→ WHAT YOU ARE ASKED TO DO
Although the entries contain pictures, write out only their text, exactly as it stands.

→ PROVIDED RECORDS
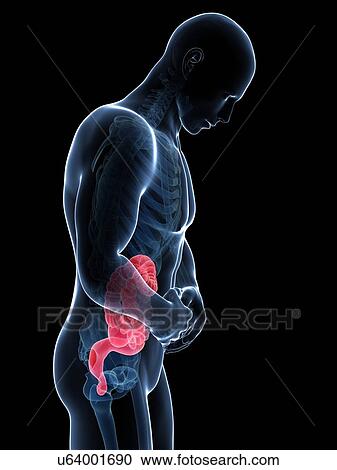 Clipart - Human intestine pain, illustration. Fotosearch
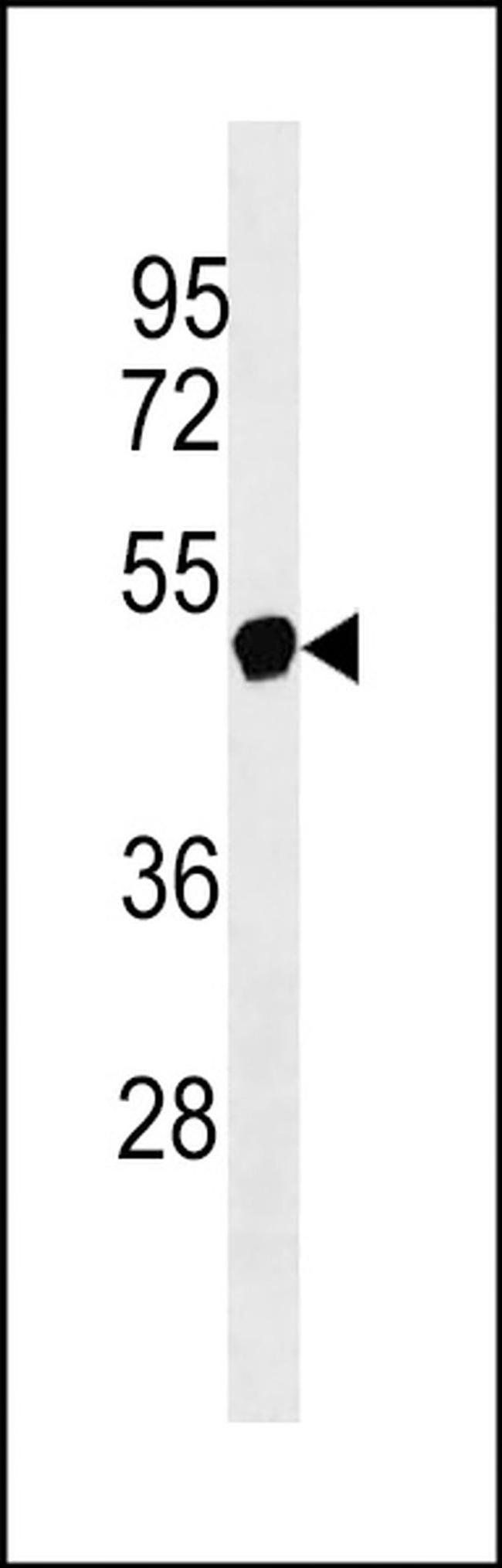 NXF5 Antibody in Western Blot (WB)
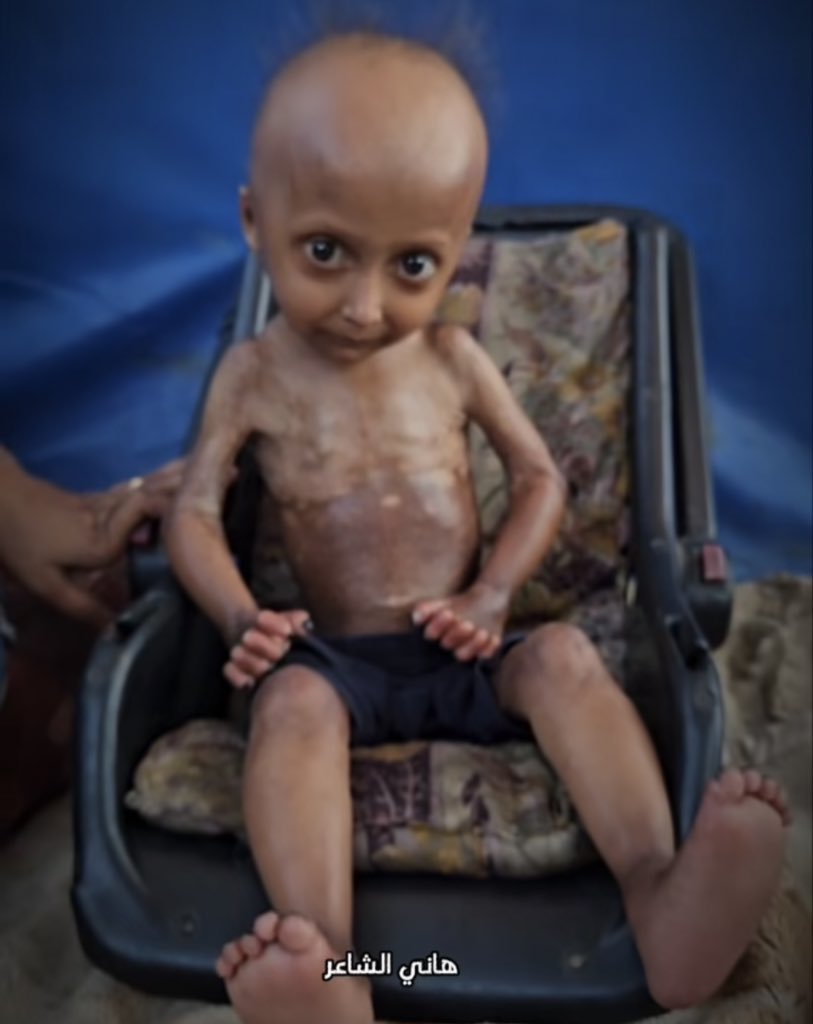 STARVATION 💔 Pass this picture 💔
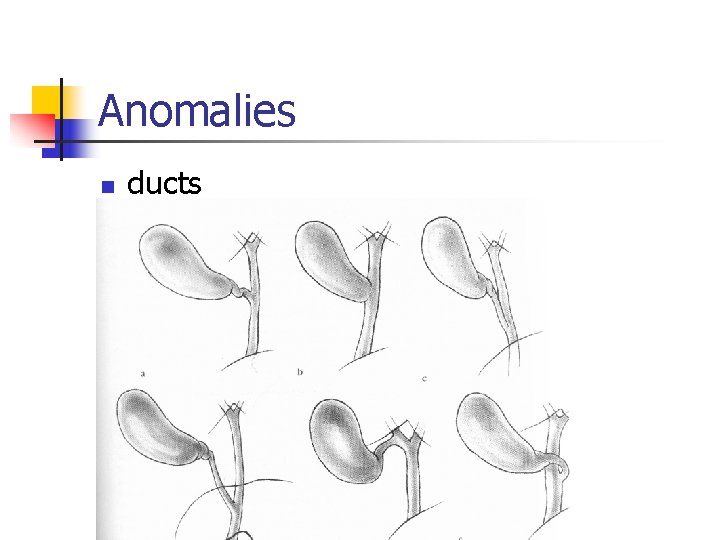 Anomalies n ducts 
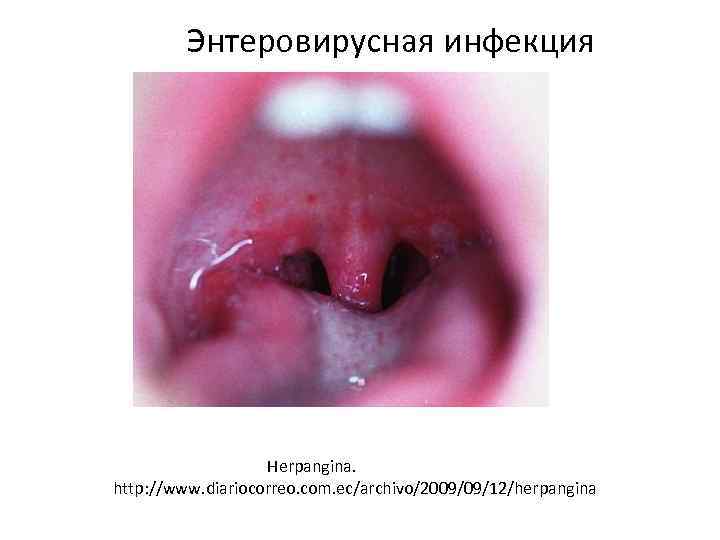 Энтеровирусная инфекция Herpangina. http: //www. diariocorreo. com. ec/archivo/2009/09/12/herpangina 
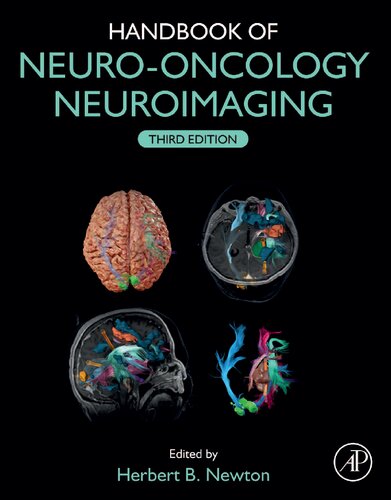 Handbook Of Neurooncology Neuroimaging 3rd Edition Herbert B Newton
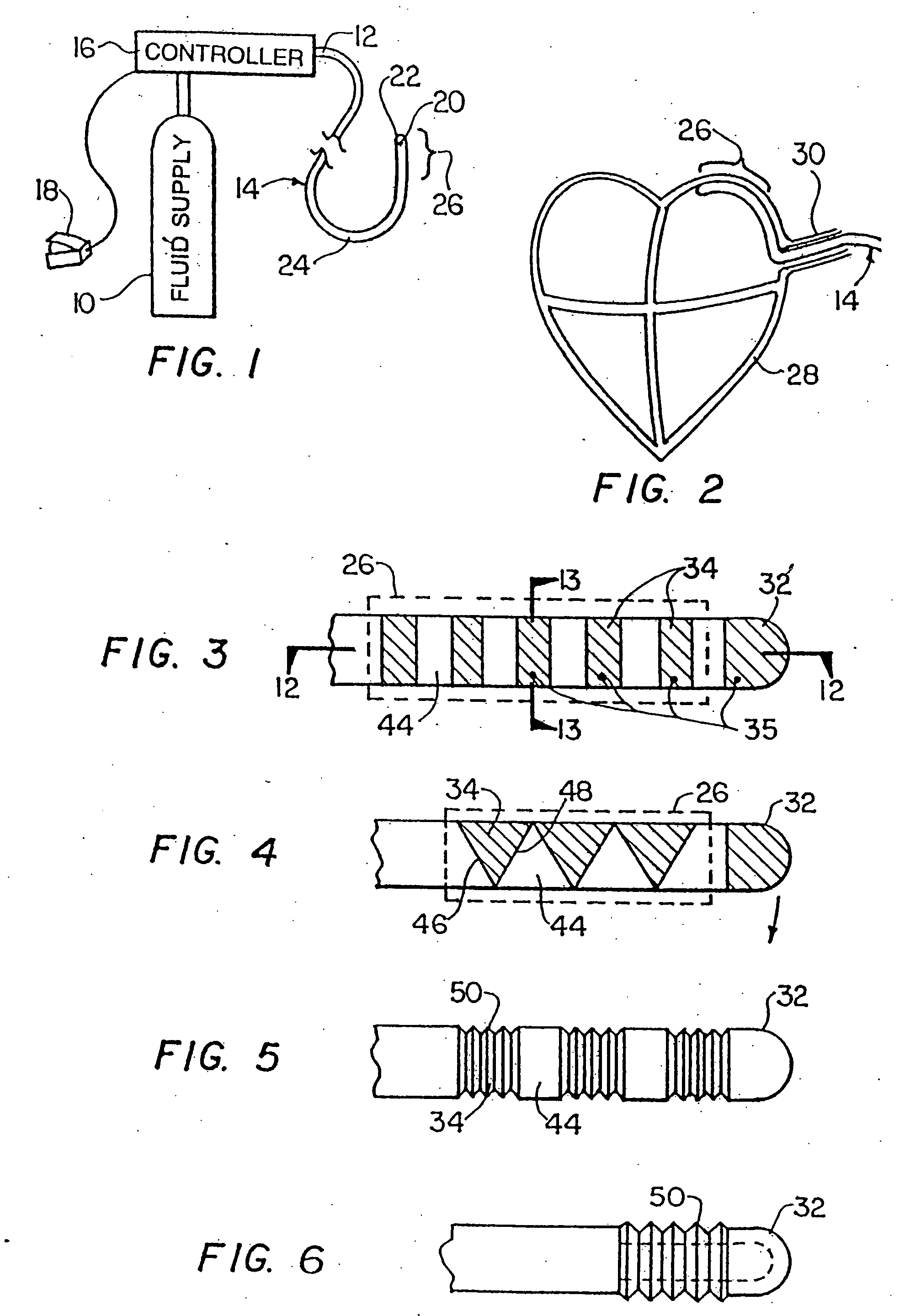 Method and device for epicardial ablation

→ EXPECTED ANSWER
 Clipart - Human intestine pain, illustration. Fotosearch
 NXF5 Antibody in Western Blot (WB)
 STARVATION 💔 Pass this picture 💔
 Anomalies n ducts 
 Энтеровирусная инфекция Herpangina. http: //www. diariocorreo. com. ec/archivo/2009/09/12/herpangina 
 Handbook Of Neurooncology Neuroimaging 3rd Edition Herbert B Newton
 Method and device for epicardial ablation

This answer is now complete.